Aunque estoy seguro de que usted, como autor, está consciente de que no es bien visto pagarle a las personas que reseñan nuestros libros, incluí, sin embargo, un cheque por la cantidad de $37.82 dólares, un pequeño gesto para mostrarle mi tremenda gratitud. Usted es alguien especial para mí.

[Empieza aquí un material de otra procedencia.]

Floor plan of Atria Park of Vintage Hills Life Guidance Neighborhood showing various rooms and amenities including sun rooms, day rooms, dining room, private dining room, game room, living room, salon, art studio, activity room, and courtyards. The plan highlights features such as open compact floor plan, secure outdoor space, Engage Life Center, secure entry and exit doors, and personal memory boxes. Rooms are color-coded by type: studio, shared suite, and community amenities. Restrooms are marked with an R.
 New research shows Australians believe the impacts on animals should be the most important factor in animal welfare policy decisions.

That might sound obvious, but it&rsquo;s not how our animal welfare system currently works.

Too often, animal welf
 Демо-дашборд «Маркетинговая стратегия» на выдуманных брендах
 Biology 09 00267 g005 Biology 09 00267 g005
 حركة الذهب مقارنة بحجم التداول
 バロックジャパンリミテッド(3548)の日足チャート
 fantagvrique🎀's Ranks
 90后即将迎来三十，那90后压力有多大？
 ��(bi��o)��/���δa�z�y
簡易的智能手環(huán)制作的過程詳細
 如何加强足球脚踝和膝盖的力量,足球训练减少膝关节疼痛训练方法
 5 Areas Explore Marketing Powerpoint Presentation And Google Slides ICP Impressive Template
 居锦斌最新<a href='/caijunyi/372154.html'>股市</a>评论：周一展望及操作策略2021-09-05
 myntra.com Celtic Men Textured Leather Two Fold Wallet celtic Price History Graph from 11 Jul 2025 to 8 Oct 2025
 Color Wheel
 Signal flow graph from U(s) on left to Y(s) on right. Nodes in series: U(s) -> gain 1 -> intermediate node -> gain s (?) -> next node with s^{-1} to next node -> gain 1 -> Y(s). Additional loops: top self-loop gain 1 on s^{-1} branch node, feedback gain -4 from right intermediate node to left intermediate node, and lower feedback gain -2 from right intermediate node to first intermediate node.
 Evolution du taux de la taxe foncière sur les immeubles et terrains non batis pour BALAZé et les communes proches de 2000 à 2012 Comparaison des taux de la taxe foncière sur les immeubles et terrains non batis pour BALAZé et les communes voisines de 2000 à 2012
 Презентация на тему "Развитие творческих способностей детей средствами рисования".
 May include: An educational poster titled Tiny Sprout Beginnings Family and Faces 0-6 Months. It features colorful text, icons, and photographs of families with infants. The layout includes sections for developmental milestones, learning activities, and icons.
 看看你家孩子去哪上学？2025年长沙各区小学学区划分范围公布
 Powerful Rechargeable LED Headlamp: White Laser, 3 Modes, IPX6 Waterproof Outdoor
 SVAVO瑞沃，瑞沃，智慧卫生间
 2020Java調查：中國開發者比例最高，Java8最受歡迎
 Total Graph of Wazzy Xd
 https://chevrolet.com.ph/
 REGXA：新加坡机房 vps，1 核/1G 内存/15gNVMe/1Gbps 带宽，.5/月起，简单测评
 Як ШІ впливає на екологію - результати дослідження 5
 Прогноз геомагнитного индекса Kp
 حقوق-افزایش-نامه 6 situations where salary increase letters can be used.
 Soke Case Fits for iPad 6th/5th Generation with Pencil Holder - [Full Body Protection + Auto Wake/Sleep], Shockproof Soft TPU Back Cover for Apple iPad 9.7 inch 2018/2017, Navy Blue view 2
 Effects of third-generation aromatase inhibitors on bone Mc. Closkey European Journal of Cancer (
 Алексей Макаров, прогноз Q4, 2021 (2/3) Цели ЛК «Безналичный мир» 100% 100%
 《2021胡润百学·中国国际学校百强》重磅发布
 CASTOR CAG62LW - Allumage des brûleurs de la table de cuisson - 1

También he incluido un par de curitas, ya que al parecer le resulta imposible dejar de rascarse la misma herida, pueden serle de utilidad.
Con alegría, Mark
Sospeché que las cosas no quedarían allí y como era de esperarse, al cabo de 10 días recibí un sobre con el logotipo sellado y remitente de la Organización Trump. Descubro mi carta adentro. Trump me la devolvió con las siguientes palabras, escritas con tinta negra y en mayúsculas: “¡Mark, eres un perdedor total! ¡y tu libro (al igual que tus escritos) son una mamada! Mis mejores deseos, Donald. Posdata: Me han dicho que no se está vendiendo”.
Debo admitir que tiene razón respecto a la anémica venta de mis libros. Mi calificación en Amazon descendió al lugar 53.876. En eso, sucede algo más. Recibo una carta de Citibank. La abro y encuentro mi estado de cuenta. Noto que se aligeró 37.82 dólares. Trump cobró el cheque.
* Autor del libro, editado en 2016. Traducción de Conrado Tostado y Jeannine Diego Medina. Se publica por Cortesía de Penguin Randon House Grupo Editorial.